Tetra Pak yesterday unveiled a new 60-million-euro converting plant in Hohhot, the capital city of the Inner Mongolian capital autonomous region, the home base of China's leading dairy producers, Mengniu and Yili, and the company's key clients.
Dennis Jonsson, president and CEO of the Tetra Pak Group, said during the opening ceremony that China was one of the fastest growing markets for Tetra Pak and would continue to be a strategic market for the liquid food package solutions provider in future as well.
"Others are saying 'decline', you (China) are saying 'growth'," Jonsson said.
The plant will meet the increasing demand for aseptic carton packaging material in China, and also cater to the country's dairy and juice industries.
The Hohhot plant will mainly manufacture Tetra Brik Aseptic (TBA) and Tetra Fino Aseptic (TFA) cartons with a designed capacity of 11 billion packs per year.
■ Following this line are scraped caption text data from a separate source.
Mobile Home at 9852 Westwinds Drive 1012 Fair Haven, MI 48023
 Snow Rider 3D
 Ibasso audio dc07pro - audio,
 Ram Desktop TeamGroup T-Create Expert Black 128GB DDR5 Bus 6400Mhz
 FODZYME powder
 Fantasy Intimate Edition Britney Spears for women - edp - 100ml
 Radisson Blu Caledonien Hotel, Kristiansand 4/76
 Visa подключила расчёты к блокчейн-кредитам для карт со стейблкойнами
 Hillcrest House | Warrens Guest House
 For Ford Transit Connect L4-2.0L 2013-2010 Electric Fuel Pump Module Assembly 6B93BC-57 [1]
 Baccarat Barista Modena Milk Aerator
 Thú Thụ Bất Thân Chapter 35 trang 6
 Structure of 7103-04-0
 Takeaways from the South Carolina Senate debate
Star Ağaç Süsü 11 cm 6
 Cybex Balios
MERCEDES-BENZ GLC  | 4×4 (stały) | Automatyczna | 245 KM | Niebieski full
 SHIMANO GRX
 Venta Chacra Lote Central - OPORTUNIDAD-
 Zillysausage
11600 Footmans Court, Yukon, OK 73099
It is also expected to help enhance delivery efficiency to Tetra Pak's two key clients, Yili and Mengniu. Its other clients include big brands such as Sanyuan, Huiyuan and Wanglaoji.
The Swedish firm now has four aseptic carton packaging manufacturing bases -- in Foshan, Kunshan, Beijing and Hohhot. These can cumulatively produce around 50 billion packs annually.
Jonsson told China Daily that the company has invested over 2.7 billion yuan in China so far. "We are growing with China," he said.
The Chinese market accounted for nearly 10 percent of Tetra Pak's global business in terms of revenue in 2008, while the figure was almost 20 percent by number of packs produced. The company has operations in more than 160 nations and regions, and its market share in China's aseptic carton packaging sector is 75 percent currently.
Jonsson admitted that last year's melamine scandal, involving its clients Sanlu and Mengniu, had affected Tetra Pak's business in China.
The company had expected a 16-percent year-on-year growth in local business last year, but it achieved just 8 percent growth, mainly due to the food safety scandal.
But the surge in its Chinese revenue was still higher than the company's global business, which increased only by 5 percent year on year in 2008.
"We find China's dairy industry is recovering faster than our expectations," Jonsson said.
On Monday, China National Oils, Foodstuffs and Cereals Corp (COFCO), the largest food importer and exporter, and Hopu, a private equity fund, said they would spend HK$6.12 billion to buy a 20 percent stake from Mengniu and its existing shareholders. The deal would make these investors the biggest stakeholders in China's largest liquid milk producer.
Jonsson said he did not want to comment on his clients' businesses. But he said he had met Niu Gensheng, founder and chairman of Mengniu and talked to him about the transaction. Niu said the deal was positive to Mengniu's business.
"It's positive to our client, so it is positive to us," he said, adding that the dairy market's recovery and further growth would provide more room for growth for the company.
China's dairy industry witnessed a 20-percent growth rate over the past decade, according to Dairy Association of China. Every Chinese on average consumes 30 kg of dairy products annually, much less than the world average of 120 kg and 300 kg for developed nations, which indicates huge growth potential for the dairy industry here.